I picked this up based on the entusiatic reviews seen on blogs, Amazon and Goodreads, but I must say I was very disappointed.  Everything that I saw lead me to believe that this was a well written, well crafted plot with elements of the supernatural.  What I found was a book about wandering and teenage angst. 

There is a considerable amount of time spent describing the characters walks to one spot to the next.  Our heroine Kami, spends quite a bit of the journeying through the woods, to the Lynburn Estate or Monkshood Abbey.  While the cast needed to get to these places, the book would have been just as effective if Brennan had cut some of the sections. 

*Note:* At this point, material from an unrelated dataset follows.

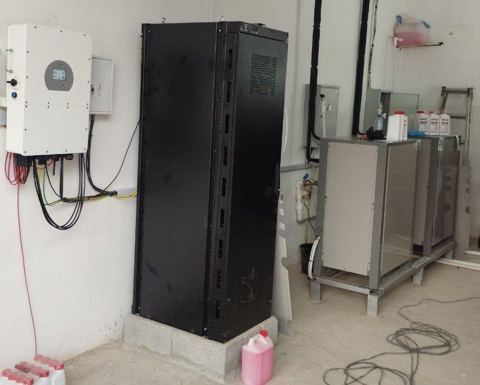 Battery storage cabinet and inverter mounted on a wall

And the angst.  While I love some good teenage angst (John Hughes films, The Wind Blows Backwards by Mary Downing Hahn), this seemed tedious.  When they weren't walking, Kami and Jared were trying to discern their feelings for one another as well as how to behave.  It lead to a series of frustratingly repetative sequences of tiffs followed by apologies a few pages later.  While I understood the complexities of the situation, I just got tired of cycle and it took me from a plot story and also detracted from some of the other characters, who could have been fleshed out more.

I was expecting the caliber of storytelling, I received in The Hunger Games series and Mara Dyer trilogy, and I found myself very disappointed.